= History of animation in India =

The history of animation in India can be traced to the early 20th century. Precursors to modern animation such as shadow puppets and slide shows entertained audiences before the advent of the cinema. Pioneers such as Dadasaheb Phalke, Gunamoy Banerjee, K.S. Gupte and G.K. Gokhle kept the tradition of animation alive during the first half of the 20th century. Such individuals were usually self-taught and were inspired by foreign cartoons.

== Pre-Independence ==
Even before the birth of animation, shadow-puppet traditions used images to tell stories. A notable example is tholu bommalata ("the dance of the leather puppets") from the state of Andhra Pradesh. The puppets used were large, had multiple joints, and were coloured on both sides. This meant that coloured shadows were projected onto the screen. Performances were accompanied by music. Folk tales and various epics such as the Mahabharata and Ramayana were dramatised.

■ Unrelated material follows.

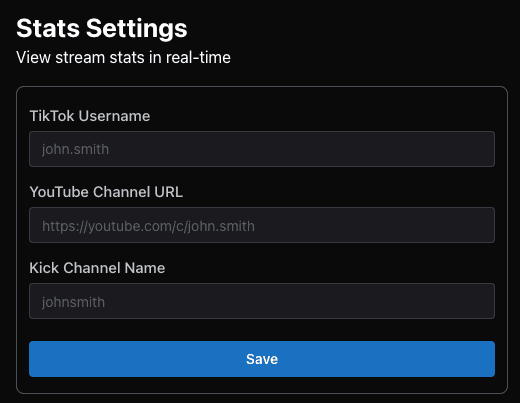 Stats Settings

The Shambharik Kharolika was another means of entertainment that pre-dated the age of the cinema. A series of hand-painted glass slides were projected using an apparatus called the "magic lantern". Mahadeo Gopal Patwardhan and his sons were responsible for popularising the medium across parts of India in the late 19th century. Patwardhan initially took it up as a hobby after being inspired by his friend Madan Madhav Rao Vitale, who was an engineer. Eventually, elements such as dialogue, narration, lyrics and background music were added. The first public show was held on 20 February 1892 in Kalyan, Mumbai. The first grand tour ended on 27 December 1895 at the 11th session of the Indian National Congress in Pune. The slides depicted various tales from the Ramayana, Sita Swayamvar, Mahabharata, Sati Anasuya, Raja Harishchandra, Shekhar Dashratha and the circus. The circus slides were sponsored by the proprietors of the Chhatre's Grand Circus. Works by painters Raja Ravi Verma and Madhavrao Dhurandhar were also recreated.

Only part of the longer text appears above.